Future Nostalgia: Reimagining our Taiwan 2024 vacation with Flux Kontext
Iphone -> Kodak
I've been exploring a provocative question: can we transform our digital footprints—commonly known as “photos”—into curated, emotionally resonant memories? This isn't just about photo editing; it's about whether artificial intelligence can authentically recreate the feeling of remembrance itself. I have a few things coming up soon regarding this project, but in the meantime, here a small experiment I was able to perform using Flux Kontext.
Rediscovering Analog Magic
My partner recently got re-obsessed with his old camera collection, trying out different cameras at any other occasion (including some analog film). Looking at our most recent memories, captured through these nostalgic lenses, made us feel reminiscent about something that happened only 2 days ago.
This sparked an experiment: Could AI simulate this experience of manufactured nostalgia? Are we there yet?
I’m a bad photographer, am I destined to a life of miserable memories?
Image-to-image editing has evolved dramatically in recent months, particularly since OpenAI launched their 4o image generator. A few days ago, BFL released Flux Kontext, which many hail as the new “chatGPT killer” for it’s abilities at image editing and prompt adherence.
A significant challenge for these models to work with real life inputs has always been character consistency—maintaining the essence of a person while transforming their context. This is where we encounter the uncanny valley - that unsettling space where AI-generated faces are almost, but not quite, convincingly human, or in the images below - me1.
Experiment 1: Elevating the Everyday
I'm admittedly a mediocre photographer. My partner has few flattering photos from our recent vacation, including this snapshot I captured on Green Island, Taiwan with my Pixel 7:
Rather than wrestling with Lightroom presets (not my expertise) I decided to test whether AI could elevate this ordinary moment into something more cinematic.
“Convert this image to an editorial fashion photograph, shot in Fuji film 35 mm lens at golden hour. Preserve persons posture and facial characteristics.”
Using Flux Kontext, with the above mentioned prompt, I got these results (on my first try!):
I think that’s amazing. No LoRA training, no faceswap workflow. Just a prompt, and we’re able to achieve a style transfer with image consistency. These results would usually require using a complex comfyUI with multiple nodes, and multiple generations to get things just about right.
Fake Images, True Memories
But here's where it gets philosophically fascinating. These generated images are technically false—they document moments that never existed in exactly this way. Yet they might represent our memories more accurately than the original photographs ever could.
Consider this paradox: fake images can embody true memories. When I look at the AI-enhanced version of my partner on Green Island, I don't just see a better photograph; I see how the moment actually felt to me. The generated image, while technically false, becomes a more faithful representation of my internal experience. It's not documenting what the camera saw—it's documenting what I remember feeling.
This challenges our fundamental assumptions about photographic truth:
Could AI-generated "false" images actually be more honest representations of how we experienced those moments?

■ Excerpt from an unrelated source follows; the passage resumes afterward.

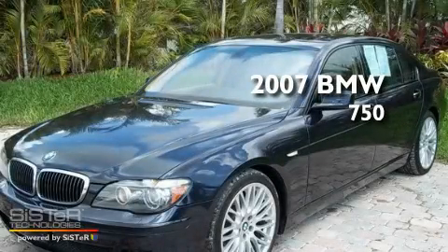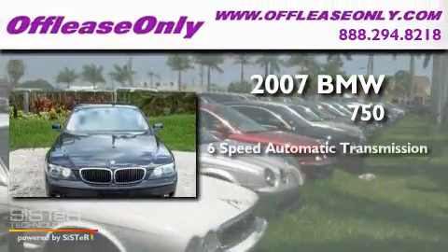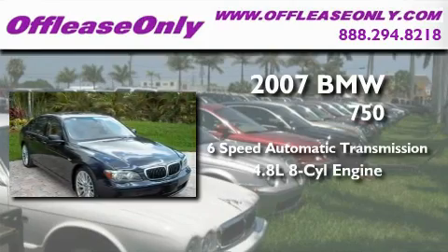This is a 2007 BMW 750. This four-door sedan has a six-speed automatic transmission and a 4.8 liter V8.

A radical example of this is the “saved memories” project, which help trans people modify childhood photographs to reflect their gender identity.
When memory is inherently subjective and emotionally filtered, why should we privilege mechanical accuracy over experiential truth? We’re already used to photoshopped images, isn’t GenAI enhanced imagery simply the next step?
We're not creating false memories—we're finally creating images that match the memories we already have.
Experiment 2: The Album Cover Challenge
I pushed the boundaries further with a more complex task: creating a cohesive album cover collage, something I'd struggled with for months using various state-of-the-art techniques.

Flux Kontext is *almost there - I got results that managed to be a lot more consistent than chatGPT (in all aspects - adherence, character consistency, composition), but the amount of visual tasks it had to master made it hard do all of these using a single inference task.
The technology is approaching a threshold where generated memories might become indistinguishable from captured ones.
I’m looking forward to some future improvements in these aspects:
Multi image input.
Compatibility to LoRA training (that could be incredible). This may be possible using Flux.1 Kontext [Dev] version, but let’s wait and see.
Improved prompt adherence for complex visual narratives (though multiple iterations could possibly do the trick as well).
A Taiwan That Never Was
Anyway, here are some photos we “took” in Taiwan, portraying some moments in Taipei and taking a bicycle trip down the eastern coast of the island. Captured using a cinestill film flux lora by adirik.
Other attempts with PulID \ ACE ++ have yielded more convincing results, but required a significant amount of effort. An alternative approach could be training a LoRA for my character.









Really loved this! Such a thoughtful exploration of how AI reshapes our emotional connection to the past. The idea of anemoia feels especially relevant in this digital age.
These experiments are really fascinating and you have some pretty great results, still I can’t shake off the uneasy feeling of tampering with our memories with these AI versions. But then again even our “regular” cellphone photos undergo software manipulation all the time, so where’s the line? And is there truly a line in the first place?